Third: Skip reranking (~0.5s saved)

# In retriever.py, line 405
return results[:top_k]

Step 4: Re-run Profiler to Verify

time python profile_wikitalk.py

You should see significant improvement!

Expected Performance

After optimizations:

Configuration Typical Time Notes
Original 8-10s With all features enabled
Disable rewrite 3-5s Query rewrite was the bottleneck
Reduce sources 2-4s Fewer documents to process
Skip reranking 1.5-3s Faster but less relevant results
BM25 only 0.5-1s Fastest but quality suffers
Ideal 1-2s BM25 + few sources + no rewrite

What NOT to Do

❌ Don't disable the FAISS index and database - they're fast ❌ Don't reduce top_k search results below 3 - quality suffers ❌ Don't modify core FAISS code - it's already optimized ❌ Don't use slower embedding models (BGE-M3 is 10x slower)

Testing Interactively

Once you've made changes, test with:

time python wikitalk.py

Then ask a question and check the displayed Processed in X.XXs time.
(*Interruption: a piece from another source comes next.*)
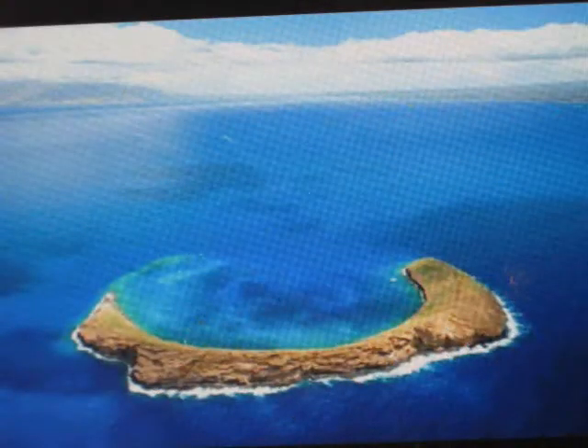It's a really pretty picture of a volcanic crater — I believe it's in Maui or Honolulu, Hawaii. I've never been there so I'm not sure, but it's a really pretty deep blue and light blue.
Target: < 3 seconds per query (reasonable for LLM + search)

Still Having Issues?

Check these:

  1. Is LM Studio running?

    curl http://localhost:1234/v1/models
  2. Is it using GPU?

    • Check LM Studio dashboard
    • Look for GPU utilization > 90%
  3. Is the database locked?

    lsof | grep docs.sqlite
  4. Is there high memory usage?

    top -o %MEM

Advanced: Python Profiling

For deeper analysis, use Python's built-in profiler:

python -m cProfile -s cumulative wikitalk.py

This shows exactly which functions consume the most time.